----- Entries provided
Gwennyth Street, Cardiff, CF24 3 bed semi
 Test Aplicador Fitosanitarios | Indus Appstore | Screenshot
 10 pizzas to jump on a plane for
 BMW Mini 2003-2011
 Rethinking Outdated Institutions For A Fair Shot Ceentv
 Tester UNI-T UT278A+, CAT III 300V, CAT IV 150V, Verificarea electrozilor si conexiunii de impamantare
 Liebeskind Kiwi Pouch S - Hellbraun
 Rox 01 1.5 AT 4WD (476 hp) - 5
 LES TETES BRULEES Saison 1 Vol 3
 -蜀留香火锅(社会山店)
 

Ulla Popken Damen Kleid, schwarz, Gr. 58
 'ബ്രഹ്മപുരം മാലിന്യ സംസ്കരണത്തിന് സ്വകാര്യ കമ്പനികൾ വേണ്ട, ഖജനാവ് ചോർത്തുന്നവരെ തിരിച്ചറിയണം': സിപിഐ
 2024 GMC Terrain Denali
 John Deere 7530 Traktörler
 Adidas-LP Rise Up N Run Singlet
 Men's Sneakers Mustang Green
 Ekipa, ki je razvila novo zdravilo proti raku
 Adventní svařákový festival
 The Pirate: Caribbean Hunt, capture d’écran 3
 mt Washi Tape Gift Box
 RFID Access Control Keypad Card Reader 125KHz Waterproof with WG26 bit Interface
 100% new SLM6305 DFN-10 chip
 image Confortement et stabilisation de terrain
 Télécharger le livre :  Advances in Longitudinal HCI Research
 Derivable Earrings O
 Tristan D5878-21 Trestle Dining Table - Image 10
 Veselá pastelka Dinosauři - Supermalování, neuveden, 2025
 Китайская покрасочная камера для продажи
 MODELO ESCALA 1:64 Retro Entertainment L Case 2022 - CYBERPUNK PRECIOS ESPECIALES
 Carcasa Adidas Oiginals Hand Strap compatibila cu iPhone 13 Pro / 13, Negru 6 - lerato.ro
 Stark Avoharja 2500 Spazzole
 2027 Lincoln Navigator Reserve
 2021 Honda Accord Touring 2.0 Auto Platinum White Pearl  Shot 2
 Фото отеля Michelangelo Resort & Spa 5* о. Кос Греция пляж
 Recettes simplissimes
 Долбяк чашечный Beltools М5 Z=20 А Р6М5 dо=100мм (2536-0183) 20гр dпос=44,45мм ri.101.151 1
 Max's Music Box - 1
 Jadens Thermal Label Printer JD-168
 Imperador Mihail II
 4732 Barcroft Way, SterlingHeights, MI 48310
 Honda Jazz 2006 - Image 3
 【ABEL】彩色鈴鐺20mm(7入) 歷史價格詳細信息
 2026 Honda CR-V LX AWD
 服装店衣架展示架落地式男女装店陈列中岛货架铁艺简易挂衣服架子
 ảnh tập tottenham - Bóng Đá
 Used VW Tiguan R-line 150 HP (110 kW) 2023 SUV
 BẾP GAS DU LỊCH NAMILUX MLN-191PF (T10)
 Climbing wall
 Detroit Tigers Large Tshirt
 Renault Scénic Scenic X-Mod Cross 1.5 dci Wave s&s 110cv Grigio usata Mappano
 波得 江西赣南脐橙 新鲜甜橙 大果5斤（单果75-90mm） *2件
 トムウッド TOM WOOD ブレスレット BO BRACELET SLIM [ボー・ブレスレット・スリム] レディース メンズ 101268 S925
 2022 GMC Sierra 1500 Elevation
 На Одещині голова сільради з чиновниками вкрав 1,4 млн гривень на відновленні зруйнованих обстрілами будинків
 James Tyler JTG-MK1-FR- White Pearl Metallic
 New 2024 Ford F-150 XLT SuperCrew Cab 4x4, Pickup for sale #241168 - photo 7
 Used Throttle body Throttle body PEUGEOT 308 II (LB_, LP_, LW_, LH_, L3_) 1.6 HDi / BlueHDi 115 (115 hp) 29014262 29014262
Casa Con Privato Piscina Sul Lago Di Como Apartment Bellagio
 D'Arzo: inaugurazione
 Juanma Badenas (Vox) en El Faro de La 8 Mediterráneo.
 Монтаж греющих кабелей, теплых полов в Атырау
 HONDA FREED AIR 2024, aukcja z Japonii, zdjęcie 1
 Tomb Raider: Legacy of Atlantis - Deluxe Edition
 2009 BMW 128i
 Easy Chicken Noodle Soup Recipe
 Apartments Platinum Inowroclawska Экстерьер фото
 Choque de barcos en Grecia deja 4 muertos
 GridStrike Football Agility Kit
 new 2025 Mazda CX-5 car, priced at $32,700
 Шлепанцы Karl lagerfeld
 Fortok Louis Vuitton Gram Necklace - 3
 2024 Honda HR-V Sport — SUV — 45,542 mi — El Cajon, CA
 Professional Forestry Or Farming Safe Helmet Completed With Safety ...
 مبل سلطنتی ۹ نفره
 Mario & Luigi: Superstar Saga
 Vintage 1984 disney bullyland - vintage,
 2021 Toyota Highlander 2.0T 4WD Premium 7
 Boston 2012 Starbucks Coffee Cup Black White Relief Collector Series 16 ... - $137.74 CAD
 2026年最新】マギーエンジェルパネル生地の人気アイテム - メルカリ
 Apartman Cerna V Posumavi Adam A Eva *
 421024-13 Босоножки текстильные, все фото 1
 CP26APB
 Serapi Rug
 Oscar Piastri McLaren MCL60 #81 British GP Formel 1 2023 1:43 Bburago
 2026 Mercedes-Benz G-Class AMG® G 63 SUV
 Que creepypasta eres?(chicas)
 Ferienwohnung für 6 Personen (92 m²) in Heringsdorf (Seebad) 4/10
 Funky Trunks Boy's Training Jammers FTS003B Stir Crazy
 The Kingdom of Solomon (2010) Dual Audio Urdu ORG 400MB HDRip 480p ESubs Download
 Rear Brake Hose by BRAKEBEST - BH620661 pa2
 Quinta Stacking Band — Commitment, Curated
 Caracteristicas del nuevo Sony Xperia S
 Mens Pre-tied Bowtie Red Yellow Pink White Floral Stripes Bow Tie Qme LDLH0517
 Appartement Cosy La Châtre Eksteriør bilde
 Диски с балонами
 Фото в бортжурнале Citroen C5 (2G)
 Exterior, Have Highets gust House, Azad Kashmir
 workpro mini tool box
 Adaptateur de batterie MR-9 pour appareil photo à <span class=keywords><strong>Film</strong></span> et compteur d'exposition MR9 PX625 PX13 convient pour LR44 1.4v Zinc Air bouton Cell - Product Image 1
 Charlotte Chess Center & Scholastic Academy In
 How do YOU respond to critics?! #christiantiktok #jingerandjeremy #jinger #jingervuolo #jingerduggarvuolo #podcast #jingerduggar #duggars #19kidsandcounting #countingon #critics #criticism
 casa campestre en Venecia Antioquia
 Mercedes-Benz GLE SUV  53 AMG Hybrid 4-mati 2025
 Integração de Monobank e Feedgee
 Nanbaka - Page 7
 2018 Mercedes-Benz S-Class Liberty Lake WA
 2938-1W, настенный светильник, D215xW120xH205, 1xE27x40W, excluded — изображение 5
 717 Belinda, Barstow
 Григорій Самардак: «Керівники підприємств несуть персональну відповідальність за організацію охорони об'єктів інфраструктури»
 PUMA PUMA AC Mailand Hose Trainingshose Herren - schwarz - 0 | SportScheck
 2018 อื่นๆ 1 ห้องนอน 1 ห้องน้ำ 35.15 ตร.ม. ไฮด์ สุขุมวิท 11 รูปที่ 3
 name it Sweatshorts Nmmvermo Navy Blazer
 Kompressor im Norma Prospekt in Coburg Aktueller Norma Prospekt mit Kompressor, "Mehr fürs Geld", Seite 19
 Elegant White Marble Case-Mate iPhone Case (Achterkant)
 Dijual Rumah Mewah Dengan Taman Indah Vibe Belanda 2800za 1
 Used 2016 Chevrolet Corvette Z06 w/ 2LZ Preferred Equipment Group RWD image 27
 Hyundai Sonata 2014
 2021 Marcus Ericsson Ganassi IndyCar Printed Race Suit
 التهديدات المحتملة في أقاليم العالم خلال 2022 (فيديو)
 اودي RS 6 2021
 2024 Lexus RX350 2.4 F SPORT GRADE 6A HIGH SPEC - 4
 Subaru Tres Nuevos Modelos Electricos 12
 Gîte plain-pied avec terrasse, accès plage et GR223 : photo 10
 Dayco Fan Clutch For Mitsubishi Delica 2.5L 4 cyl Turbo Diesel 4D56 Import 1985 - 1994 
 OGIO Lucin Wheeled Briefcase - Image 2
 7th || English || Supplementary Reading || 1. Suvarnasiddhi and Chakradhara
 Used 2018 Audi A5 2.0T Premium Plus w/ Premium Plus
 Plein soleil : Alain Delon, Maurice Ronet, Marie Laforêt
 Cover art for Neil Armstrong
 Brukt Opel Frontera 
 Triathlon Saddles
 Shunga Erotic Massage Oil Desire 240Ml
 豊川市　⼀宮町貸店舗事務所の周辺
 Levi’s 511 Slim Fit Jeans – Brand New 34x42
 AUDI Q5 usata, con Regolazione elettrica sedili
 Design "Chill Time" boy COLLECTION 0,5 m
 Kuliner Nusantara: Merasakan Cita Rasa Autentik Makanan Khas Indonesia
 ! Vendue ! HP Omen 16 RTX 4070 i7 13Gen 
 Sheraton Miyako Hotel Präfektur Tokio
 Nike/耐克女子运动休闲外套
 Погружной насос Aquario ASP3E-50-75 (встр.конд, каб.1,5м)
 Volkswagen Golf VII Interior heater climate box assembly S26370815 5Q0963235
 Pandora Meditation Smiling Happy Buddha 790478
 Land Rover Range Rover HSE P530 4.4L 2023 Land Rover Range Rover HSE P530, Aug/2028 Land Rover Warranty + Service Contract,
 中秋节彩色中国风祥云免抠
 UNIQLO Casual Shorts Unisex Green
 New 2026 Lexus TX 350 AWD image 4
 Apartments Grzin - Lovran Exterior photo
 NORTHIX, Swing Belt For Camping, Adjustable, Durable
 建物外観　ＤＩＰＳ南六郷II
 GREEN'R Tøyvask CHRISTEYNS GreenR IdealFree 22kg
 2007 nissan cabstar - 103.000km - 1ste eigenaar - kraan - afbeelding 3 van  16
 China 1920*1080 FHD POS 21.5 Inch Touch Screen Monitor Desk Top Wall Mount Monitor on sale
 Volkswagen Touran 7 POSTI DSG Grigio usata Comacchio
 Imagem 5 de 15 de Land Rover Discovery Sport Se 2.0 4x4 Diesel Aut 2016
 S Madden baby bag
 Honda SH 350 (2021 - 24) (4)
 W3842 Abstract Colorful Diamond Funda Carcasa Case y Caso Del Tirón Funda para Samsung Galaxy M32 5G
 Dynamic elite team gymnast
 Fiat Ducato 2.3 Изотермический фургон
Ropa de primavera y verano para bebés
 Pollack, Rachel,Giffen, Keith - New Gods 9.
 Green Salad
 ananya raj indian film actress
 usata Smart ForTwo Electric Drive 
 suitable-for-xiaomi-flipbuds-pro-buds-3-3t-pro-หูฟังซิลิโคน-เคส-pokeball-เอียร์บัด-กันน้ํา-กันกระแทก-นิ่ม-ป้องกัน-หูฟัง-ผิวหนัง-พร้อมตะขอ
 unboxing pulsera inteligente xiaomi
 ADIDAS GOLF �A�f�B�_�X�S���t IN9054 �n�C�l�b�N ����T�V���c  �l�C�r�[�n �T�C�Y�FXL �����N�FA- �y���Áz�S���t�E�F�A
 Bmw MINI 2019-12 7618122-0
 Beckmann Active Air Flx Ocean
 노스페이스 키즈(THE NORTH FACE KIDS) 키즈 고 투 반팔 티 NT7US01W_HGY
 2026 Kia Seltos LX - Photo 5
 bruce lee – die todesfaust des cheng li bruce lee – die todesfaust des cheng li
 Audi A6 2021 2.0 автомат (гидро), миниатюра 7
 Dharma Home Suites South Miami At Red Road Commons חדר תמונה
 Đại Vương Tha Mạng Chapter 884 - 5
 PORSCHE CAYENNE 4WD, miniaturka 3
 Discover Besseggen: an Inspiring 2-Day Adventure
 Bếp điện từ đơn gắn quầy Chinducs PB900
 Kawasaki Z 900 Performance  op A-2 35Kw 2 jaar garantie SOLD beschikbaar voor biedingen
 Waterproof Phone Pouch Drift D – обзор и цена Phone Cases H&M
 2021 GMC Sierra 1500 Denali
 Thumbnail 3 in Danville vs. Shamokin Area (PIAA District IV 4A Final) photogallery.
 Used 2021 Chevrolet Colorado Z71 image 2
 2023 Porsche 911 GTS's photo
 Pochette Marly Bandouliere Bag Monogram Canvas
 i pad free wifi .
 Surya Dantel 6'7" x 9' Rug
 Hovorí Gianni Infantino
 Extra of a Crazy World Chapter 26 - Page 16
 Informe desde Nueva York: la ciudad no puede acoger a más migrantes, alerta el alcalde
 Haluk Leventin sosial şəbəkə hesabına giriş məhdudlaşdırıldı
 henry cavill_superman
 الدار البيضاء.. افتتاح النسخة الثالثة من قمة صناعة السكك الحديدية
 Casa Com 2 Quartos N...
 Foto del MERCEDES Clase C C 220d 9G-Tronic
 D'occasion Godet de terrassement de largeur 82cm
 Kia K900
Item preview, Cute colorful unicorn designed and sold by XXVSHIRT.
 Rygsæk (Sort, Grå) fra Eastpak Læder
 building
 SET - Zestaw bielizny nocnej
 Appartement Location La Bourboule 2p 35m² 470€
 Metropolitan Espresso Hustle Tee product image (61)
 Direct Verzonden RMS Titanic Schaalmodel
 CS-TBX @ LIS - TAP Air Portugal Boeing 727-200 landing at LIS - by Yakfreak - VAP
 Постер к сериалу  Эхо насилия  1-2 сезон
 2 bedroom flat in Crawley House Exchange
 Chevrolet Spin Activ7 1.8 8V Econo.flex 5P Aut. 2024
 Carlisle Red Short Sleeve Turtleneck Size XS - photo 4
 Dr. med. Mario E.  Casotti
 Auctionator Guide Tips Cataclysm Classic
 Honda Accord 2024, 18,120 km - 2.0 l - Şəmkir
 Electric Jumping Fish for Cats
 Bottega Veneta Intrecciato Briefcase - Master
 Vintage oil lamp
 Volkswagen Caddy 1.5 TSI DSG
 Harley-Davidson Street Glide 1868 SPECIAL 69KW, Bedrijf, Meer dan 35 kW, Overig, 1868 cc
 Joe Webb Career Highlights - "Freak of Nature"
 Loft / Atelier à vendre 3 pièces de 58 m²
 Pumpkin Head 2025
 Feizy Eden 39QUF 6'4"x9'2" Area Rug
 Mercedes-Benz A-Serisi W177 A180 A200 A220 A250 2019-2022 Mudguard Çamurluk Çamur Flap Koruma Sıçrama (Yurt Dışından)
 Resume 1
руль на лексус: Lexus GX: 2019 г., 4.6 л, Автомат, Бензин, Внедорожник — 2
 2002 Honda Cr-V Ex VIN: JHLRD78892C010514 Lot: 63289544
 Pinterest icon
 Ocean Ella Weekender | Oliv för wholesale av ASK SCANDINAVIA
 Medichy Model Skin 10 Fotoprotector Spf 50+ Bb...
----------
§ **Assigned task**
Restate word for word the entries above, starting at the line with "Bếp điện từ đơn gắn quầy Chinducs PB900" and ending at the line with "Direct Verzonden RMS Titanic Schaalmodel", inclusive, and no others.

§ **Output for this exercise**
 Bếp điện từ đơn gắn quầy Chinducs PB900
 Kawasaki Z 900 Performance  op A-2 35Kw 2 jaar garantie SOLD beschikbaar voor biedingen
 Waterproof Phone Pouch Drift D – обзор и цена Phone Cases H&M
 2021 GMC Sierra 1500 Denali
 Thumbnail 3 in Danville vs. Shamokin Area (PIAA District IV 4A Final) photogallery.
 Used 2021 Chevrolet Colorado Z71 image 2
 2023 Porsche 911 GTS's photo
 Pochette Marly Bandouliere Bag Monogram Canvas
 i pad free wifi .
 Surya Dantel 6'7" x 9' Rug
 Hovorí Gianni Infantino
 Extra of a Crazy World Chapter 26 - Page 16
 Informe desde Nueva York: la ciudad no puede acoger a más migrantes, alerta el alcalde
 Haluk Leventin sosial şəbəkə hesabına giriş məhdudlaşdırıldı
 henry cavill_superman
 الدار البيضاء.. افتتاح النسخة الثالثة من قمة صناعة السكك الحديدية
 Casa Com 2 Quartos N...
 Foto del MERCEDES Clase C C 220d 9G-Tronic
 D'occasion Godet de terrassement de largeur 82cm
 Kia K900
Item preview, Cute colorful unicorn designed and sold by XXVSHIRT.
 Rygsæk (Sort, Grå) fra Eastpak Læder
 building
 SET - Zestaw bielizny nocnej
 Appartement Location La Bourboule 2p 35m² 470€
 Metropolitan Espresso Hustle Tee product image (61)
 Direct Verzonden RMS Titanic Schaalmodel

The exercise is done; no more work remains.